Prompt: The answer should hold only the lines from the one containing "Over the Garden" through the one containing "Stay Weightless Foundation SPF 30 6 Dark" in the entries below, copied exactly, without pictures.

Crawled caption data:
Start of Block
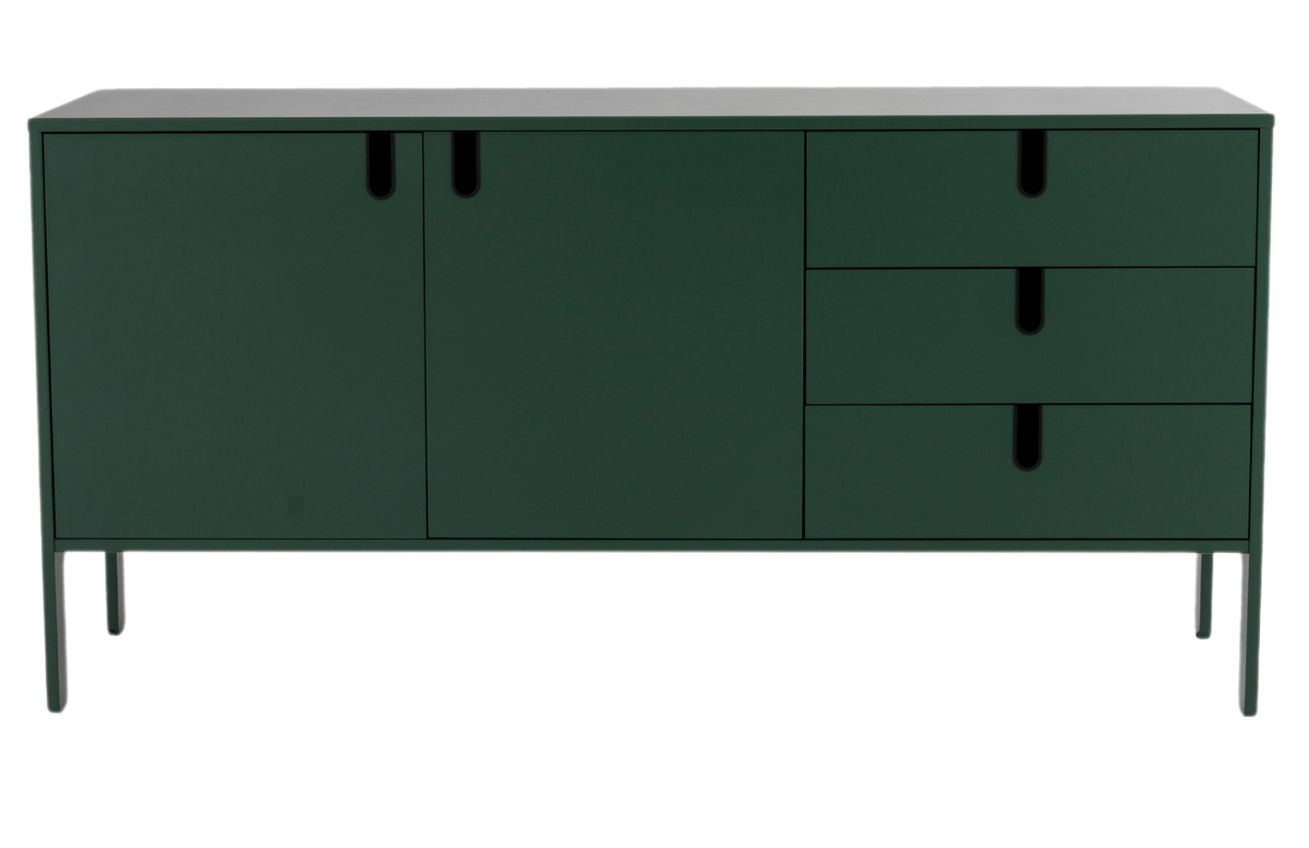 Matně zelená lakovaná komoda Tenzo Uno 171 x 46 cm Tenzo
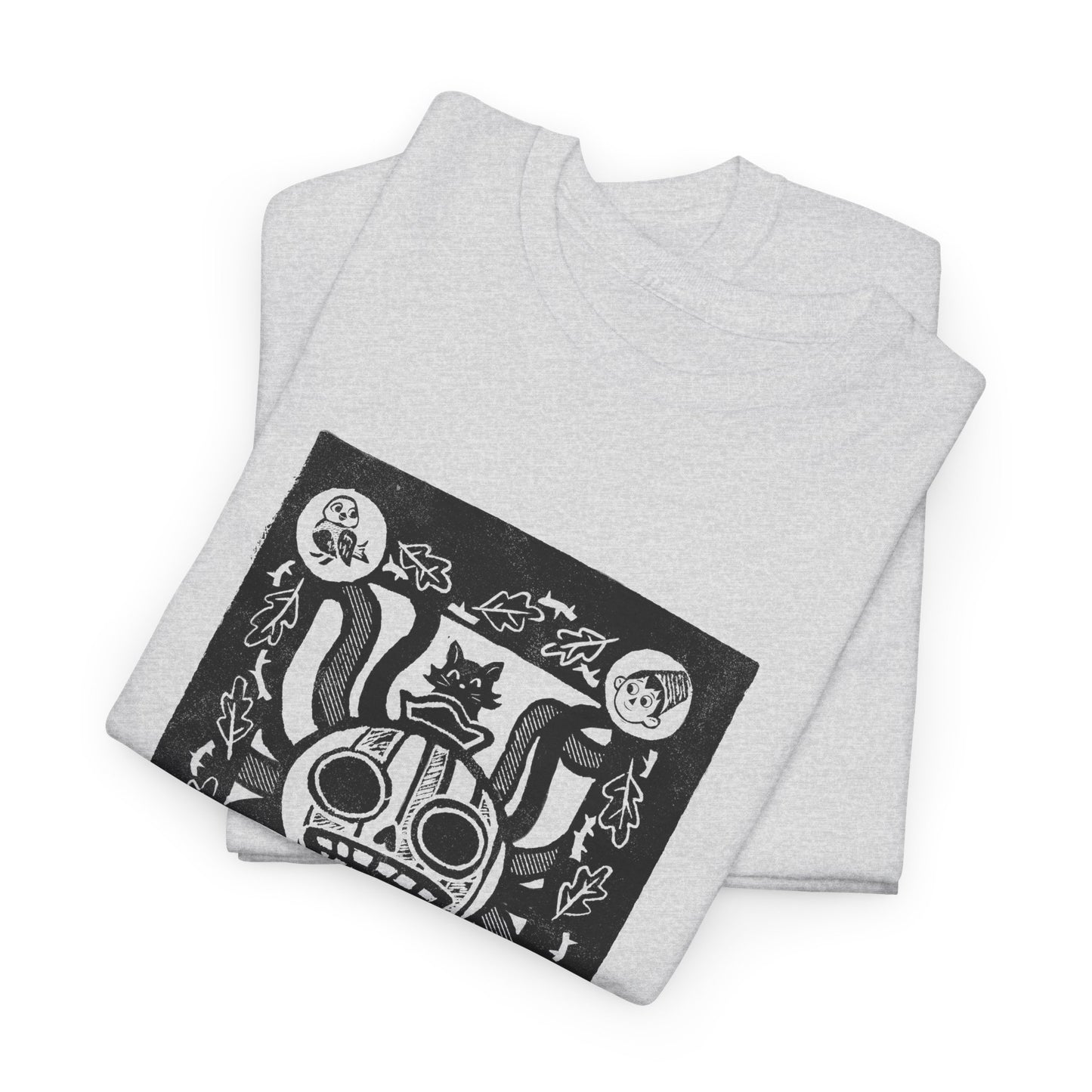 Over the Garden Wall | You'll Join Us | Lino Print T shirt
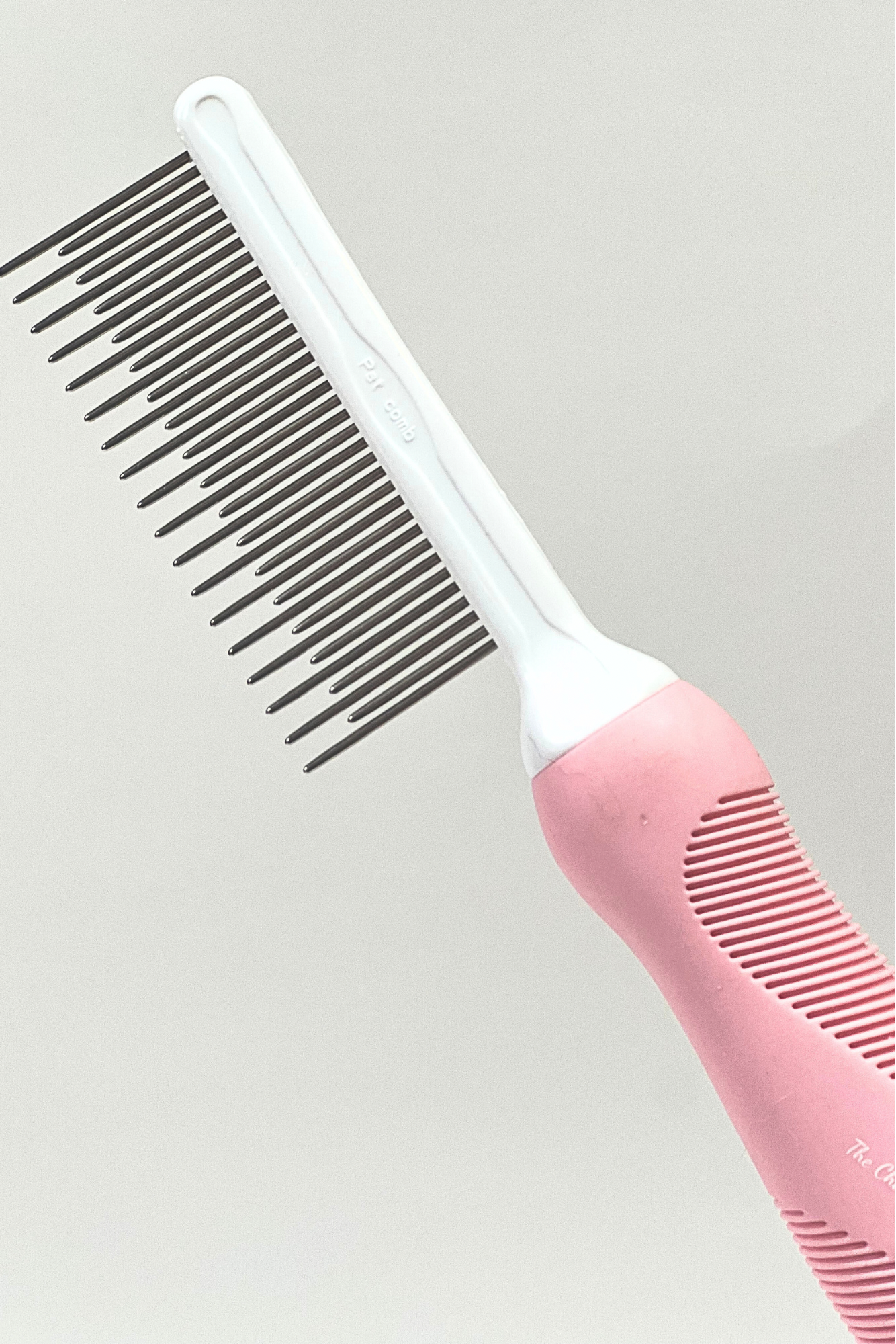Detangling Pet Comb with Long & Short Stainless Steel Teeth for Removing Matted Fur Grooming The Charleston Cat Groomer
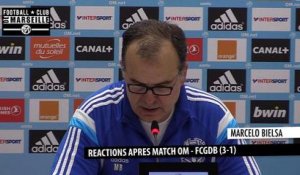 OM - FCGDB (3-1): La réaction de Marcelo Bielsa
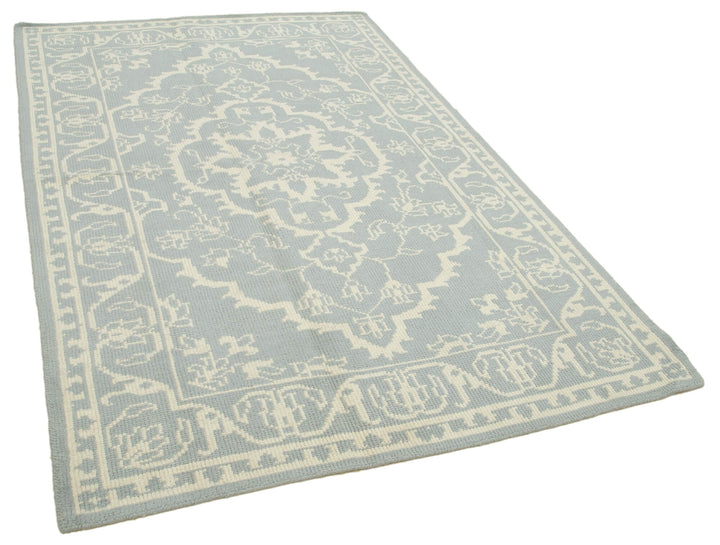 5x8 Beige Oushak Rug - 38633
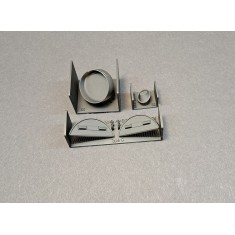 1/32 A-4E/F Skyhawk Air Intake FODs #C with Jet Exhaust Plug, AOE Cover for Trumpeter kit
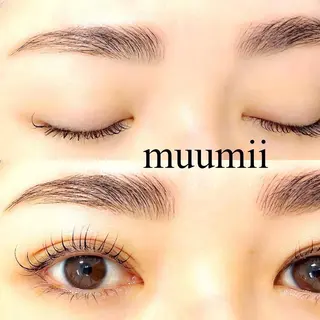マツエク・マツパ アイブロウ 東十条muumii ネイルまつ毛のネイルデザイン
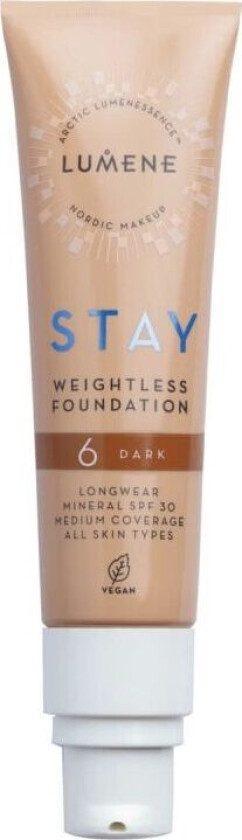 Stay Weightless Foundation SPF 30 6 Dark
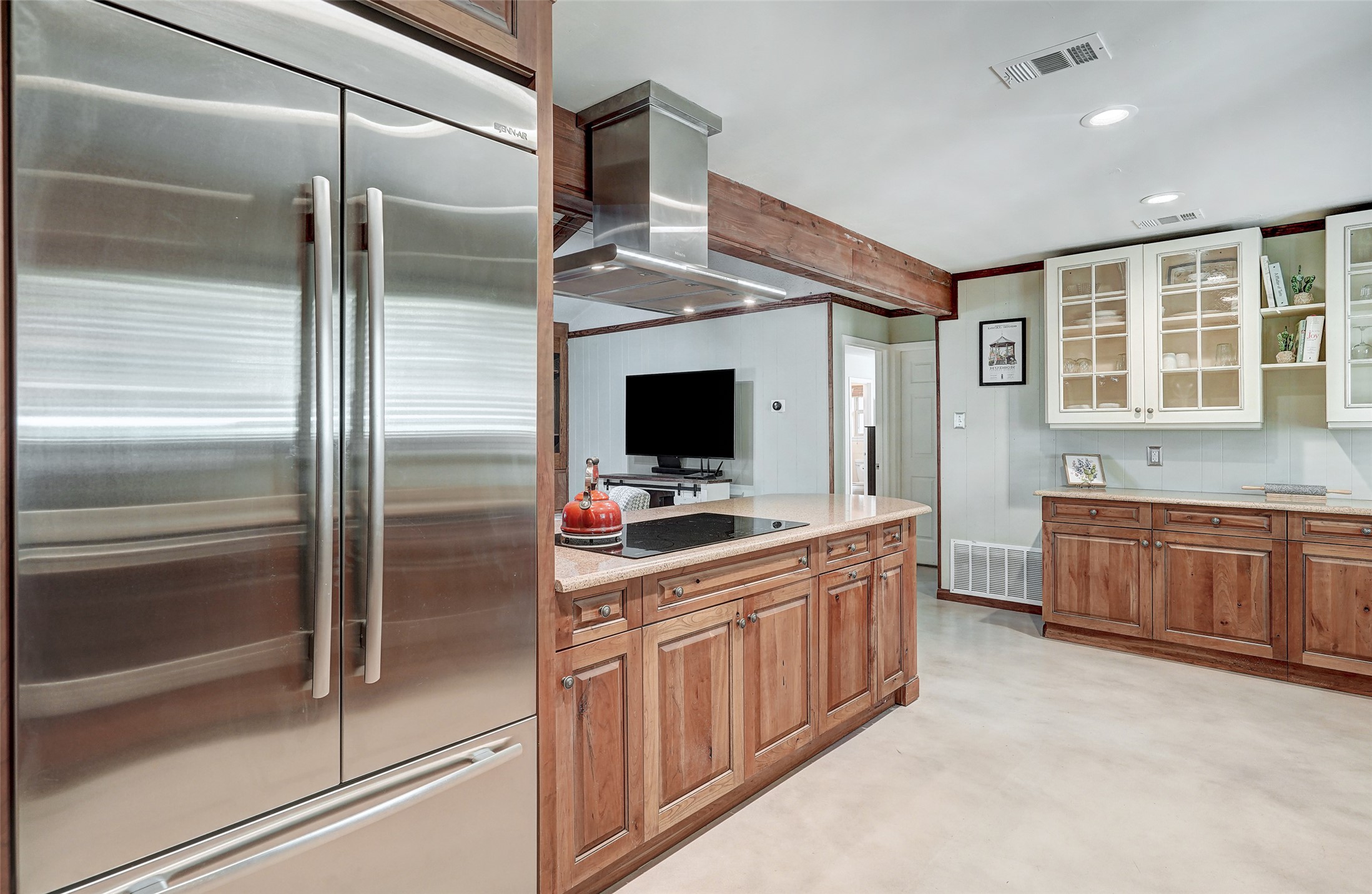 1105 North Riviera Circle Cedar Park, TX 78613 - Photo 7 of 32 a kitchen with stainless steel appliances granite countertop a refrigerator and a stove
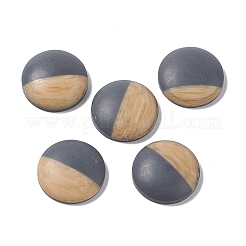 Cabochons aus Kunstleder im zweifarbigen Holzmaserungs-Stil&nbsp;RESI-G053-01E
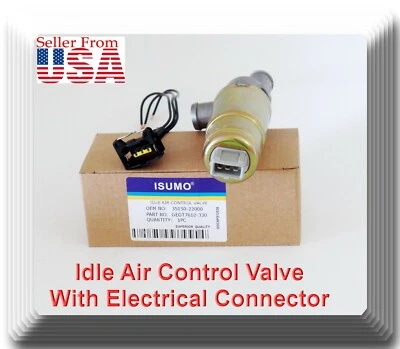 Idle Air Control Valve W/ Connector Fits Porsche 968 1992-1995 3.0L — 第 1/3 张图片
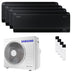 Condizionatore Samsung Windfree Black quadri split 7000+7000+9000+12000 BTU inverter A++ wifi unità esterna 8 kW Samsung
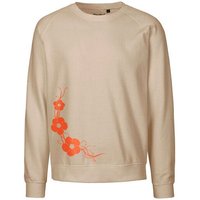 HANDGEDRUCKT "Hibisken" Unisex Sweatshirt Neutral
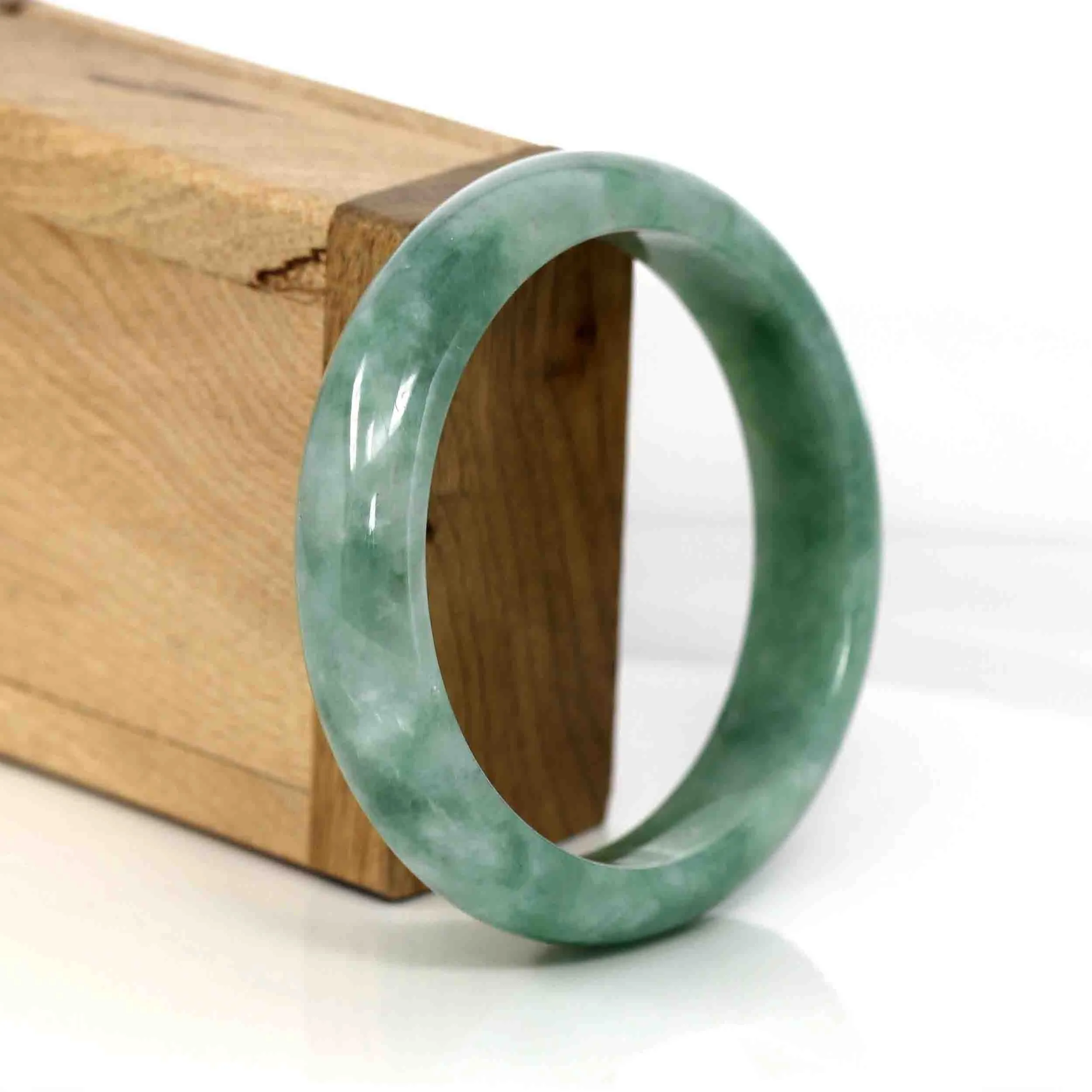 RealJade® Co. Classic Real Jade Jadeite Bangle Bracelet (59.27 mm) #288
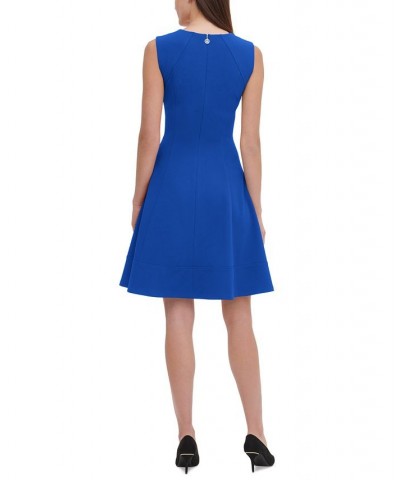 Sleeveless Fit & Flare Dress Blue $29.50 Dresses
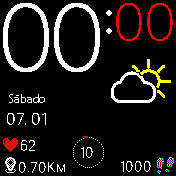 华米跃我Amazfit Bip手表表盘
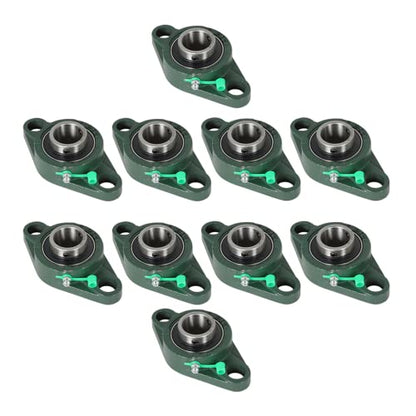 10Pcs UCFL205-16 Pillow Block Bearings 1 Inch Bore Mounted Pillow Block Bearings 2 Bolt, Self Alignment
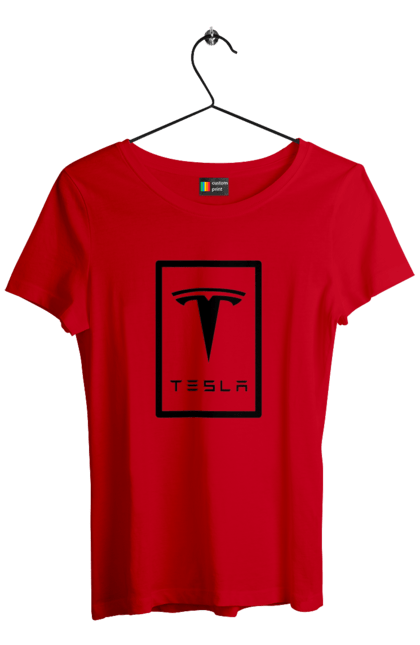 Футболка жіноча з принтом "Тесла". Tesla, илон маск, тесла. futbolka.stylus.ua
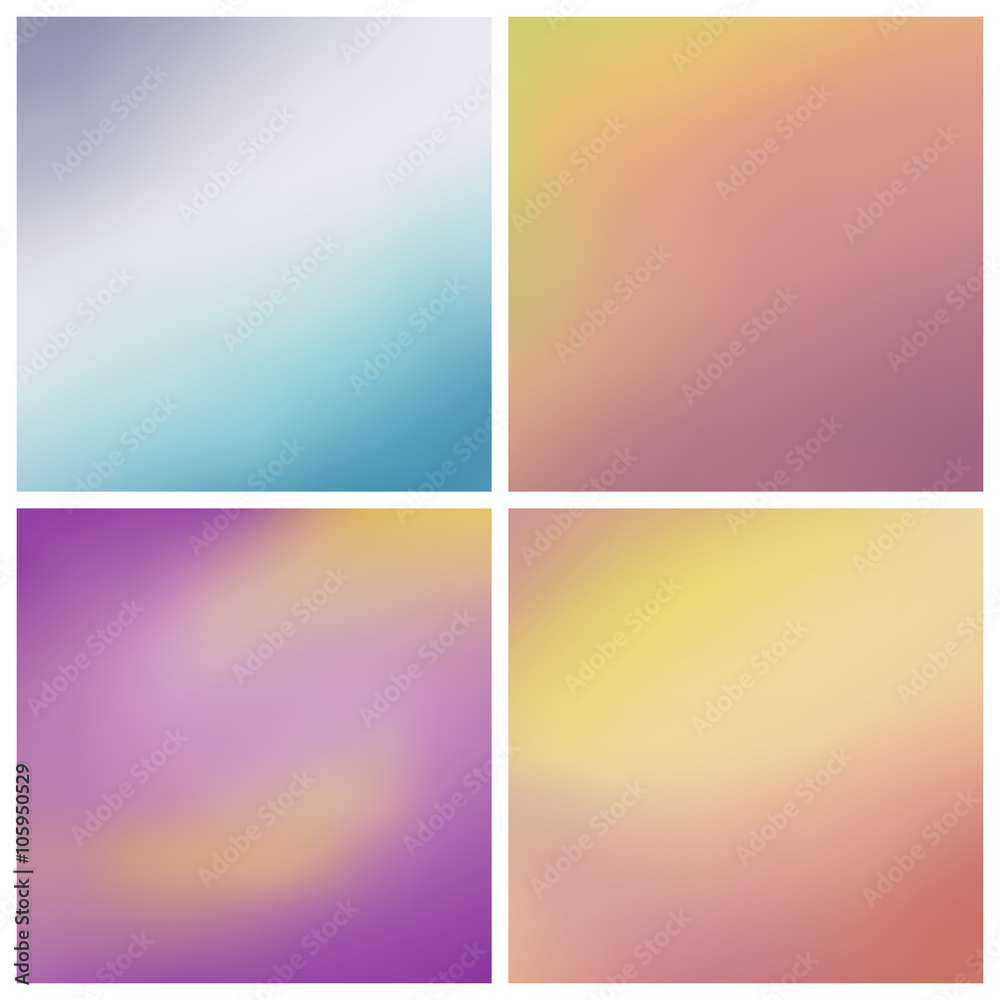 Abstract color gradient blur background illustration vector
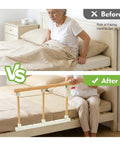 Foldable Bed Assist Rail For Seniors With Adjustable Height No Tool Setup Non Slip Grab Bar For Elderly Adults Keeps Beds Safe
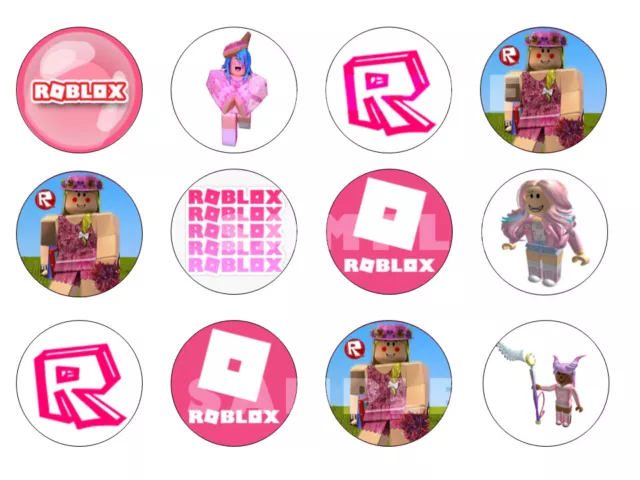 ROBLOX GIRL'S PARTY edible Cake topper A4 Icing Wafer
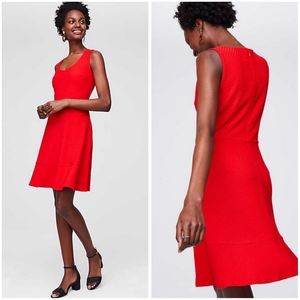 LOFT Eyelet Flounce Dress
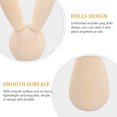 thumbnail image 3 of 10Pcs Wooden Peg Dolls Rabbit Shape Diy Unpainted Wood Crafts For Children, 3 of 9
End of Block
Output of the exercise:
 Over the Garden Wall | You'll Join Us | Lino Print T shirt
Detangling Pet Comb with Long & Short Stainless Steel Teeth for Removing Matted Fur Grooming The Charleston Cat Groomer
 OM - FCGDB (3-1): La réaction de Marcelo Bielsa
 5x8 Beige Oushak Rug - 38633
 1/32 A-4E/F Skyhawk Air Intake FODs #C with Jet Exhaust Plug, AOE Cover for Trumpeter kit
マツエク・マツパ アイブロウ 東十条muumii ネイルまつ毛のネイルデザイン
 Stay Weightless Foundation SPF 30 6 Dark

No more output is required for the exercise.